In a couple months I should have Slice great-grandkids :greengrin: lol I agree that I think Dalila is the nicest,and of the milkers,Derryth


----------



## Herebegoats (Dec 30, 2009)

I would love to see an australian dairy goat standard. That would be interesting to see how it differs from that in the US. So are those goats that are pictured Alpine typed? They sort of looked like Alpines to me, or dark colored Toggenburgs. Or are they a totally different breed?

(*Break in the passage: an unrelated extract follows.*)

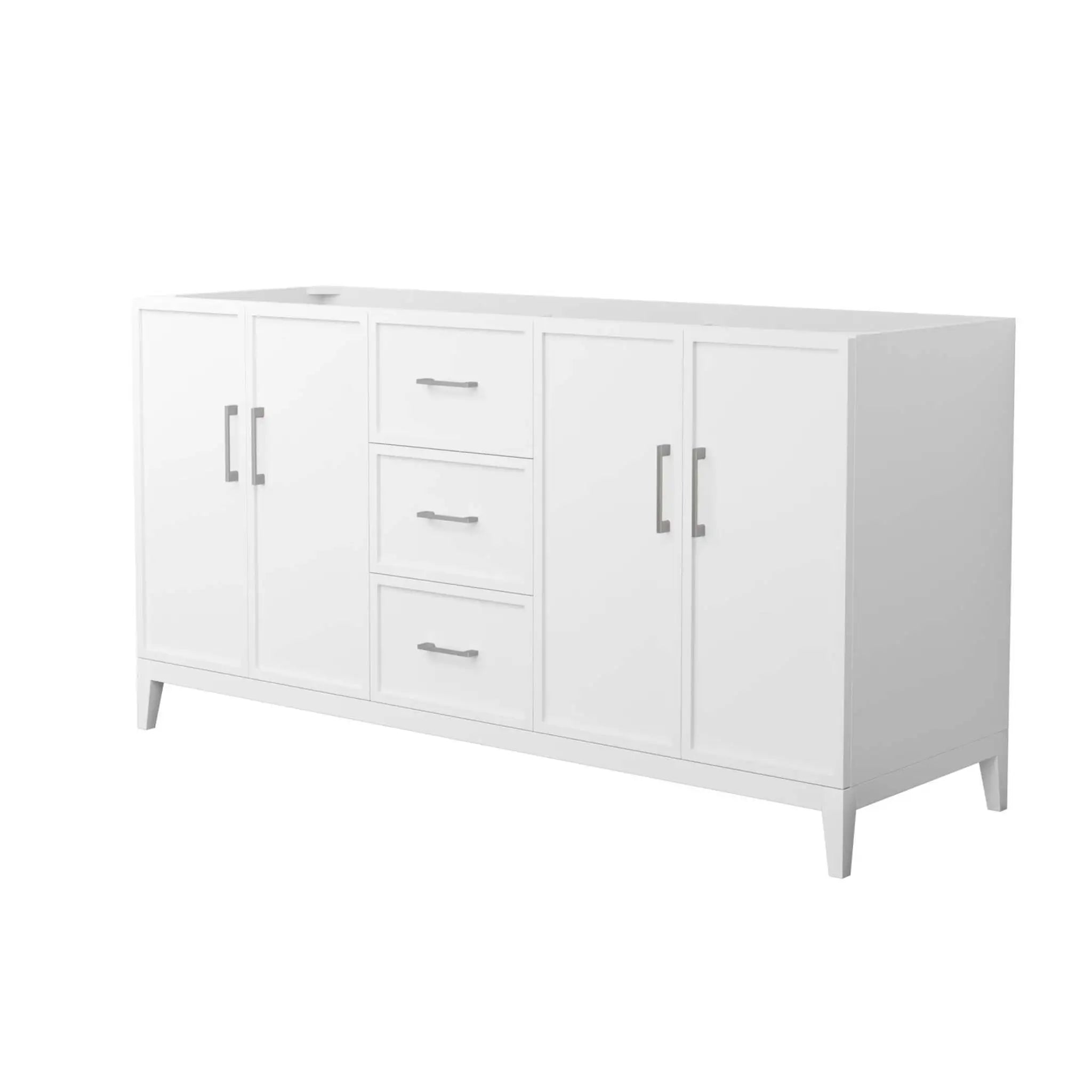 66" Elan Double Bathroom Vanity in White with Brushed Nickel Trim by Wyndham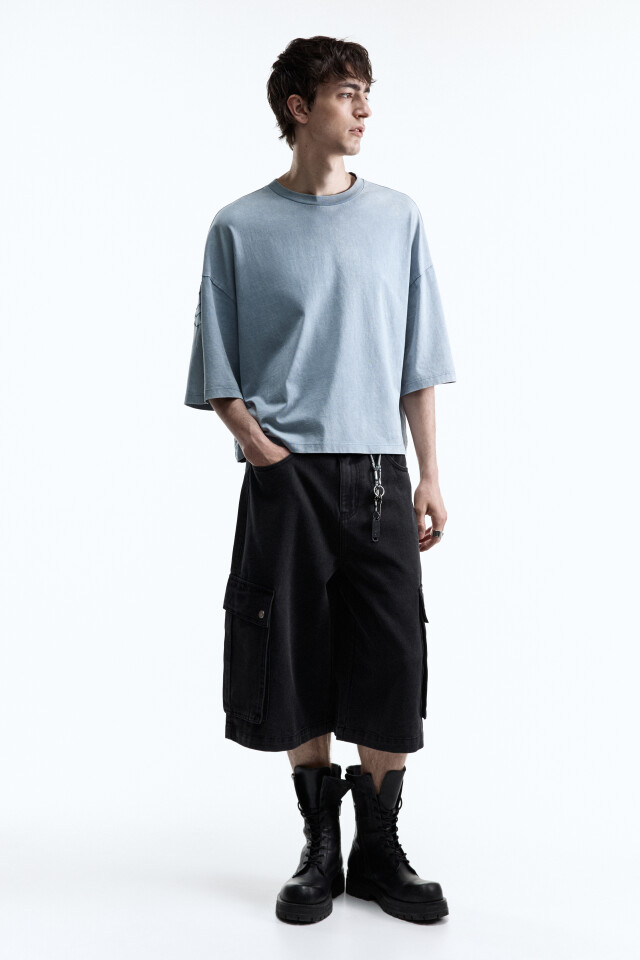 Футболка oversize с вареным эффектом и принтом - цвет мятный - 6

I know nothing of goats outside the US. lol

Kelley


----------



## Idahodreamer (Sep 19, 2009)

The two last girls there are the better of the bunch.... The second older doe has an ok looking udder. 
 You'll have to let us know which one's you picked, Keren. 
yeah, a australian dairy goat standard would be interesting to see. 
Herebegoats, they hare british alpines, I think.


----------



## keren (Oct 26, 2008)

i will keep this short cos im on my mobile in melbourne - but in any case deryth has been sold - i will probably buy dalila. You can find the australian breed standards online i think the website is www.dgsa.org.au if that doesnt work google dairy goat society australia. The british alpine is a very different goat to your french alpine much taller rangier and finer. There is only one breeder in the whole country who has goats that meet your american standard. She only has a handful of saanens left and i have been on the waiting list for a few years now - should get a kid this spring or next. Google buttara saanens


----------



## StaceyRosado (Oct 5, 2007)

cool - I hope you get her :thumb:


----------